# Longford Almshouses, Derbyshire, March 2016



## HughieD (Mar 9, 2016)

This was a really enjoyable one. Don't think it has ever been done before and can't find _any_ pictures of this beautifully decaying row of alms-houses anywhere on the web. Found them using the massively useful "Buildings at Risk" register. I knew they were there and what they _used_ to look like in their heyday (see below):


Longford_Almshouses by HughieDW, on Flickr

But what we were faced with when we rocked up to them after parking in the delightful Derbyshire village of Longford and headed north on a footpath in the general direction of the delightful Longford Hall. After a short walk along a very boggy footpath the alms houses presented themselves in a small coppice to the right of the footpath, hemmed in by a gushing stream to the east. Here's the history bit:

The row of six alms-house cottages were built in the early C19 for the Cokes of Longford Hall, a 16th-century country house at Longford in the Dales district of Derbyshire. Situated in the grounds of Hall, they fell into disrepair and were abandoned in the 1960s, but the liability for them stayed with the Longford Estate. When it was sold to remove the liability, a payment was made to the Sir Robert Coke's Almshouses charity, thus maintaining a tradition of providing affordable housing that dates back to its creation by the Coke family in 1688.

In terms of the six almshouses themselves, they are built in redbrick with stone dressings and, before their collapse, they had plain tiled roofs with brick saw-tooth, eaves band and brick-ridge chimney stacks (three in total - one per pair of cottages). The single storey dwellings had a single bay. Other notable features include door-cases of stone with staff moulded edge and panelled doors (only one remains - see below).
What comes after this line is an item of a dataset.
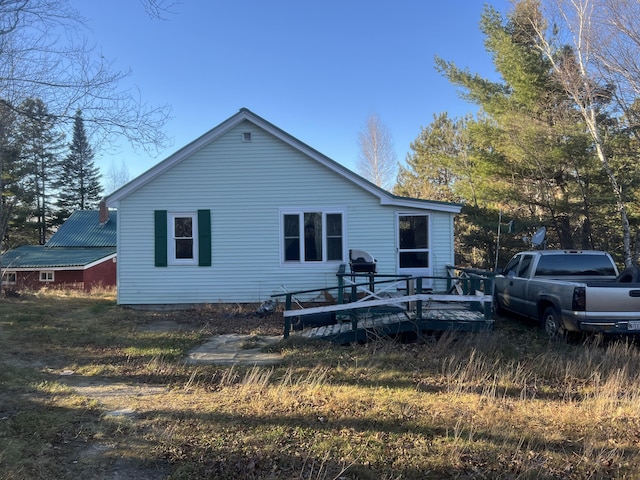 23 Hillcrest Ave, Millinocket, ME 04462 - back of property with a deck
Inside each cottage there was simple stone fireplace and bed recess.

The Grade II Listed cottages were first placed on the "Buildings at risk Register" on 10th April 1980 and removed due to being "ruinous, beyond redemption" on 22nd August 2011to let nature take its path.

Explored with non-member GazzaM. Here's the pictures:

The row of alms-houses are now surrounded by trees:


img3997 by HughieDW, on Flickr


img3986 by HughieDW, on Flickr


img3972 by HughieDW, on Flickr


img3975 by HughieDW, on Flickr


img3998 by HughieDW, on Flickr

The one and only door that remains:


img3964 by HughieDW, on Flickr

Window that needs a bit of work!


img4005 by HughieDW, on Flickr

Door and window of one cottage:


img3980 by HughieDW, on Flickr

And another that still has its stone lintel in place


img3967 by HughieDW, on Flickr

This smaller window has a more standard brick arch:


img3976 by HughieDW, on Flickr

Here's the old range in one cottage;


img3977 by HughieDW, on Flickr

And another:


img3984 by HughieDW, on Flickr

This one has less left:


img3978 by HughieDW, on Flickr

img3993 by HughieDW, on Flickr


img3990 by HughieDW, on Flickr

The end cottage is the worst-for-wear:


img3968 by HughieDW, on Flickr


img3969 by HughieDW, on Flickr


img3988 by HughieDW, on Flickr


img4000 by HughieDW, on Flickr

Thanks for looking!


----------



## Dirus_Strictus (Mar 9, 2016)

Very nicely done, and thanks for going the extra mile and providing the 'as was image'. Anybody of my age who knows of these from long ago will realise that they were in very,very poor condition long before being placed on the 'at risk register'. Nice to see how the trees have grown up around the area - Nature and decay, when photographed sympathetically, produce very photogenic images. Again many thanks for a spot on report.


----------



## HughieD (Mar 9, 2016)

Dirus_Strictus said:


> Very nicely done, and thanks for going the extra mile and providing the 'as was image'. Anybody of my age who knows of these from long ago will realise that they were in very,very poor condition long before being placed on the 'at risk register'. Nice to see how the trees have grown up around the area - Nature and decay, when photographed sympathetically, produce very photogenic images. Again many thanks for a spot on report.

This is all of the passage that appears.